Tuğçenur Yılmaz,Ayvaz Çolakoğlu
19 Juin 2018•Mise à jour: 20 Juin 2018
AA - Ankara - Ayvaz Colakoglu
Pour le ministre turc des Affaires étrangères, Mevlut Cavusoglu, la Turquie est un pays clé sur la question syrienne, qu'ils s'agissent des processus de Genève, d'Astana, de Sotchi et même de Manbij.
Cavusoglu participait, mardi, à une émission télévisée sur la chaine turque, NTV au cours de laquelle, il a répondu aux questions sur l'actualité nationale et internationale.
Rappelant le rôle important joué par la Turquie dans l'intégration du processus de Sotchi à celui de Genève, Cavusoglu a insisté sur la position de locomotive assumée par la Turquie à Astana.
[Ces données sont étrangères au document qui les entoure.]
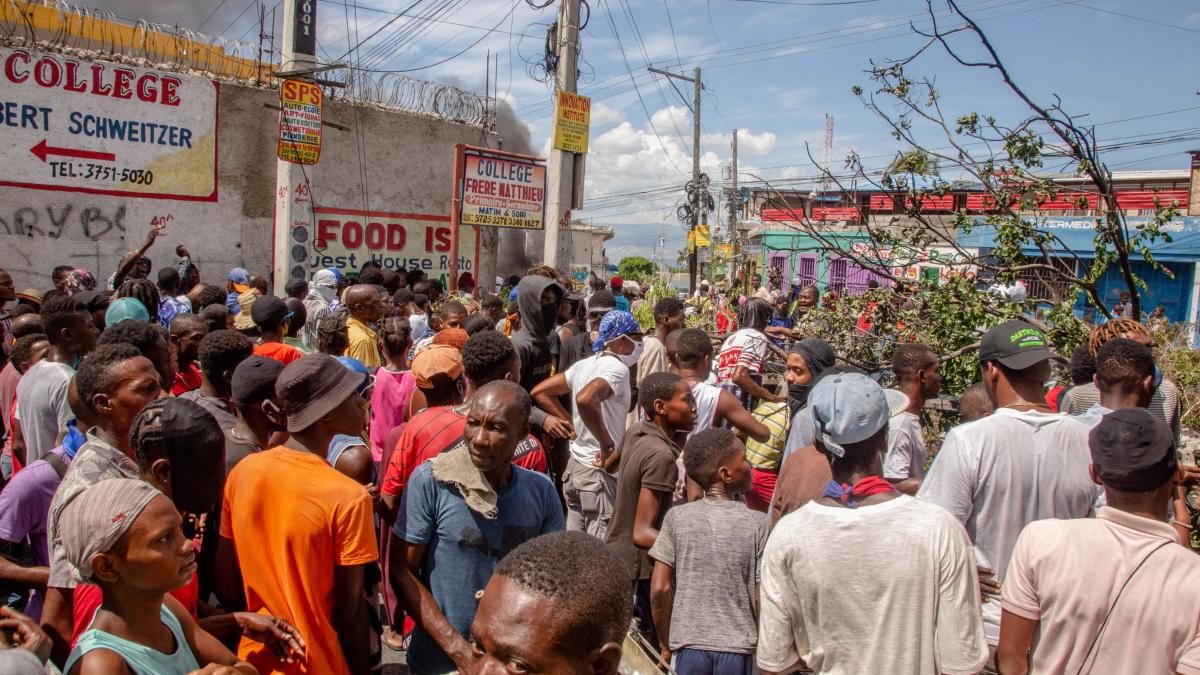 Cruzime fără margini: Cel puțin 12 presupuși criminali, bătuți până la moarte și arși în Haiti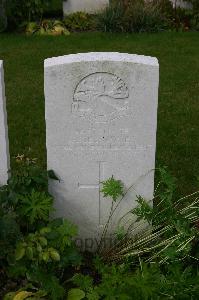 Dozinghem Military Cemetery - Jones, James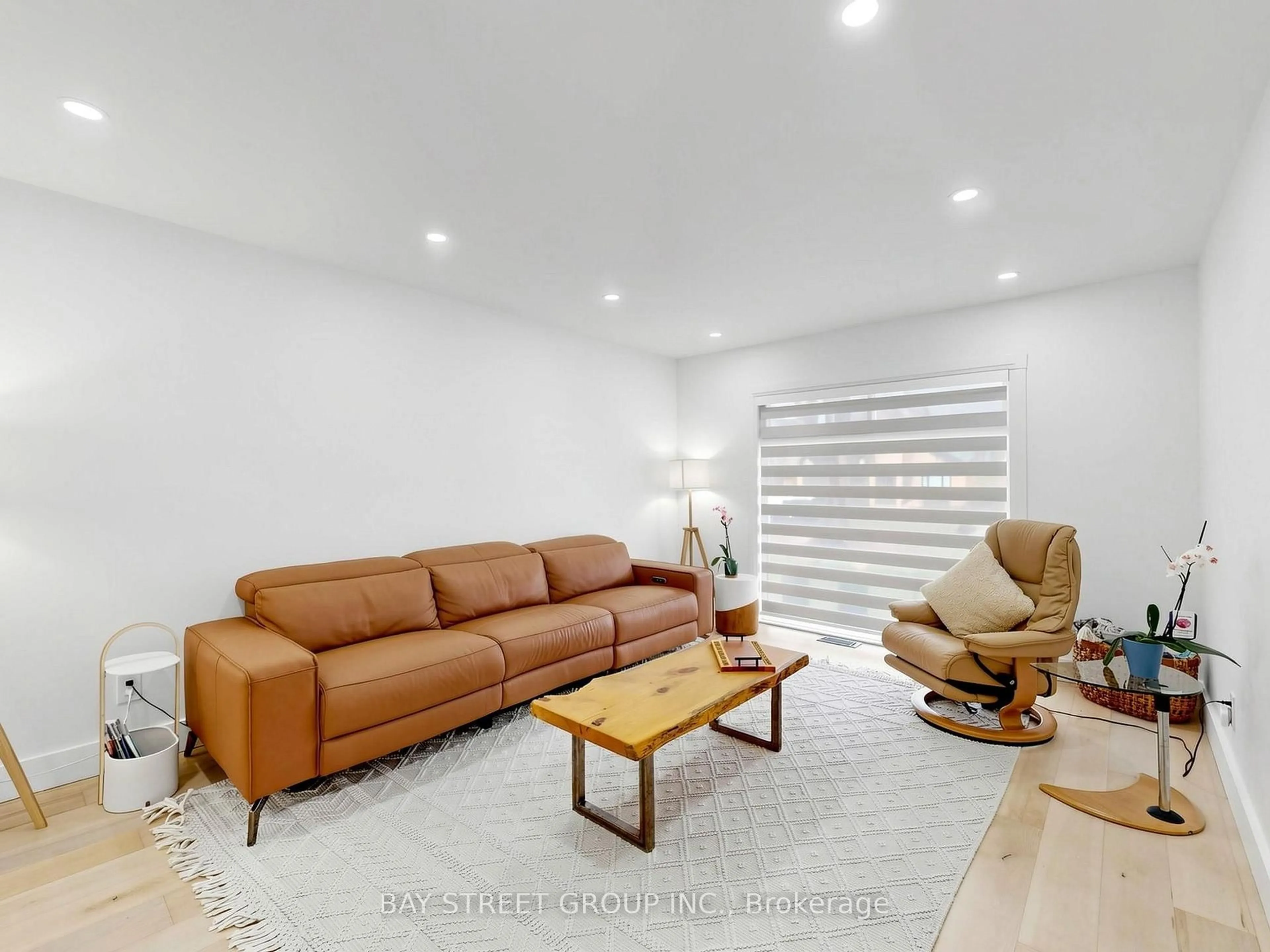 Living room with furniture, unknown for 6 Pearson Rd, Brampton Ontario L6Y 2N1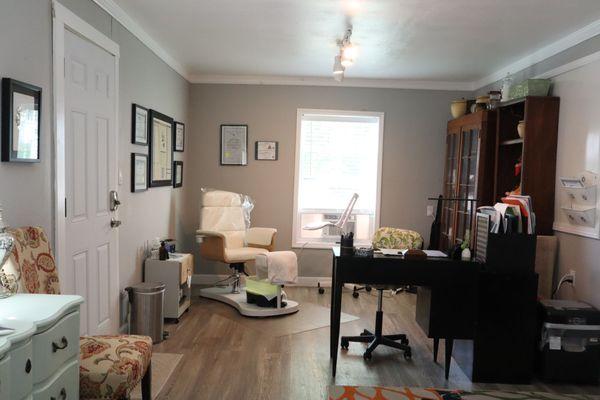 We are committed to healthy nail care, no acrylics or formaldehyde for your nails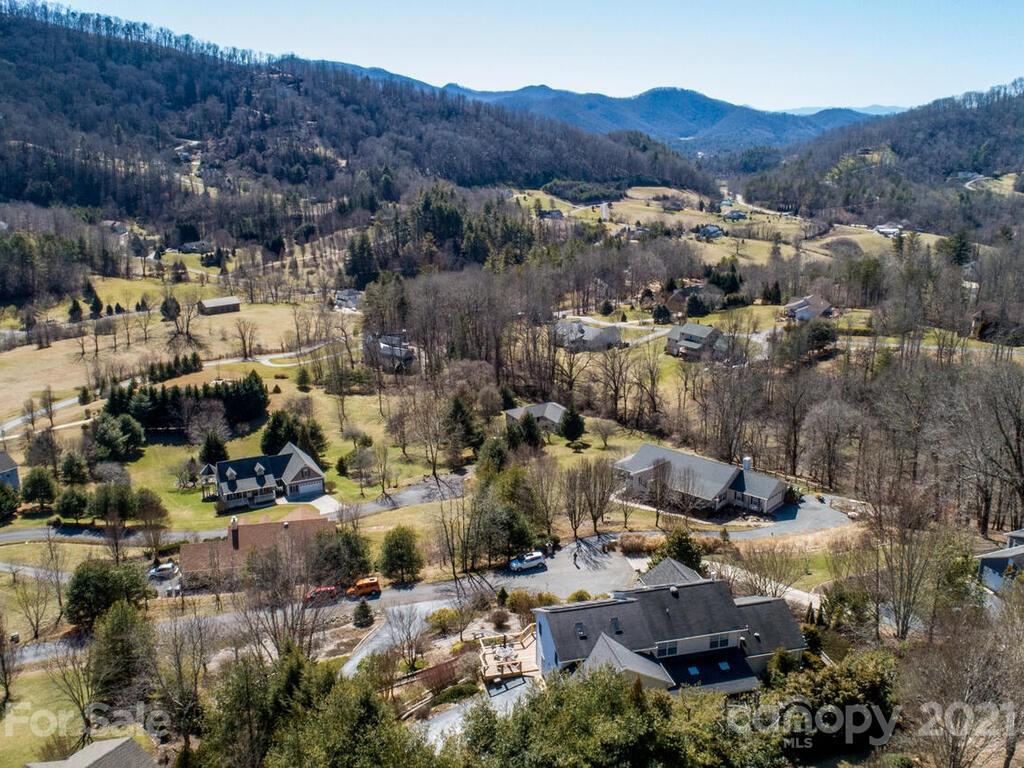 106 Thistle Tree Way Weaverville NC 28787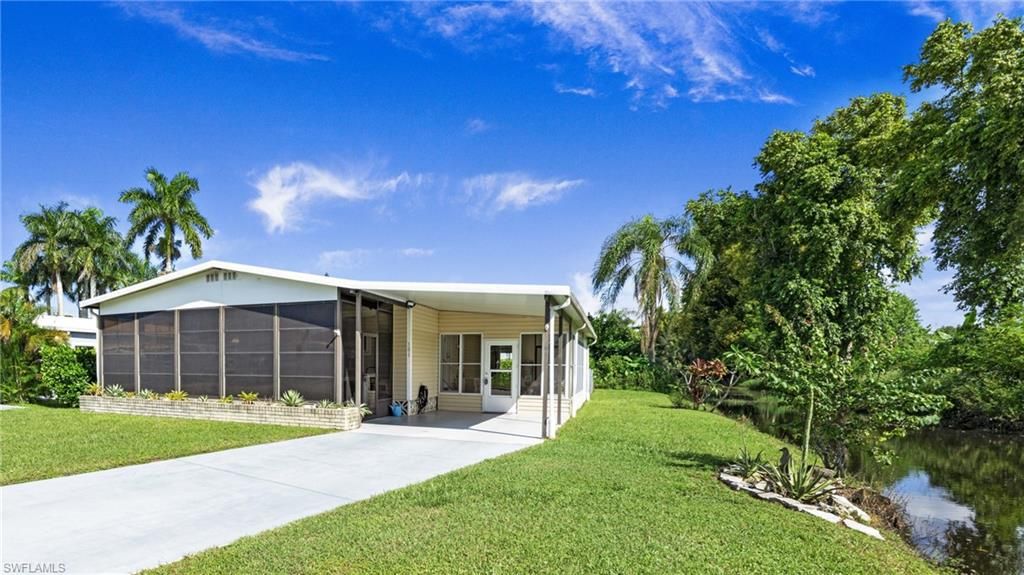 101 PINE KEY LN, Naples, FL 34114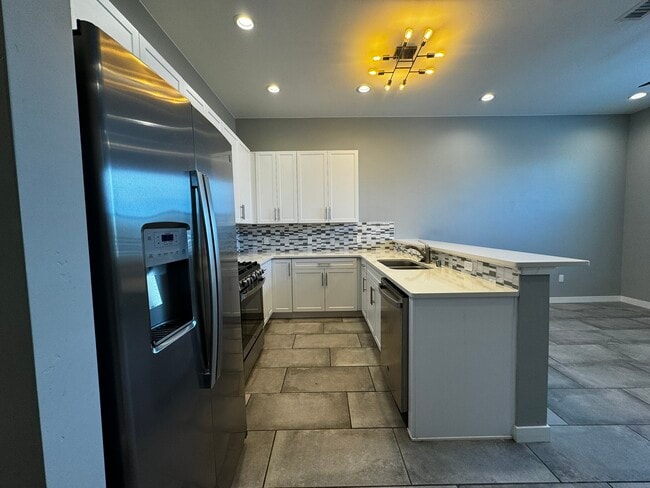 Foto del edificio - 844 Tijeras Ave NW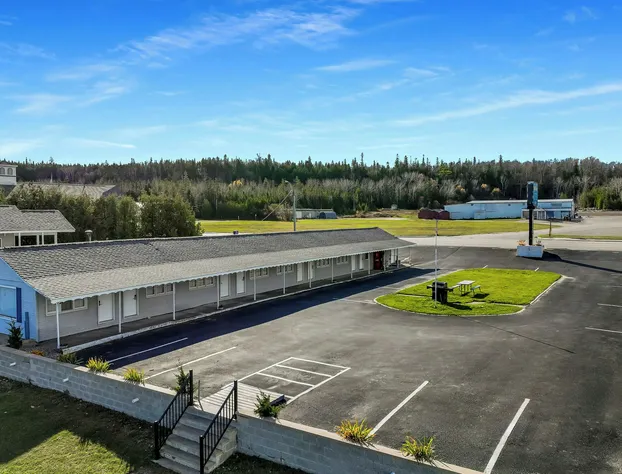 Bayview Lakefront Motel hotel detail image 1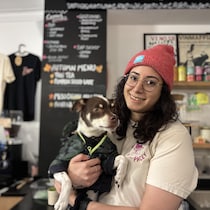Shabri Kapoor et son chien dans son café.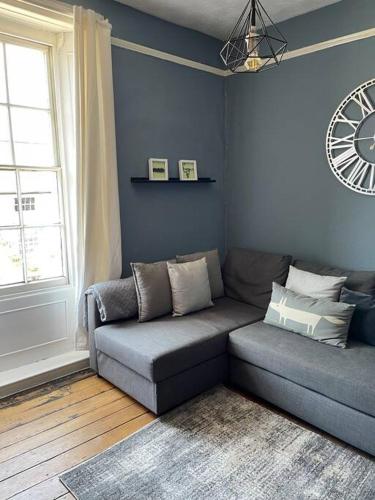 Cosy 2 bed flat in Crickhowell in 柯里克豪威爾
"A Astana, la Turquie est une locomotive et actuellement à Manbij, elle est une locomotive sur le terrain. Dans le cadre des aides humanitaires, des actions visant à accroitre la sécurité et faire cesser les affrontements, la Turquie est une locomotive. Aujourd'hui, au sujet du retour des réfugiés syriens, c'est à dire à peu près dans tous les domaines touchant à la Syrie, la Turquie est un pays clé" a t-il affirmé.
Le chef de la diplomatie turque a notamment insisté sur les engagements actuels de la Turquie en Syrie. Son pays est devenu, selon lui, une force de proposition qui, dans le cadre des actions entreprises avec la Russie et l'Iran, tente d'aboutir à l'instauration d'un processus politique entre la régime et l'opposition.
Au sujet du réseau de l'organisation terroriste FETO implanté aux Etats-Unis, Cavusoglu a indiqué qu'une vingtaine d'enquêtes visant le FETO, ouvertes par le FBI, étaient en cours d'instruction.
Mardi, le sénat américain a voté, dans la loi budgétaire du Pentagone, un amendement proposant un embargo à toute livraison d'armes à la Turquie.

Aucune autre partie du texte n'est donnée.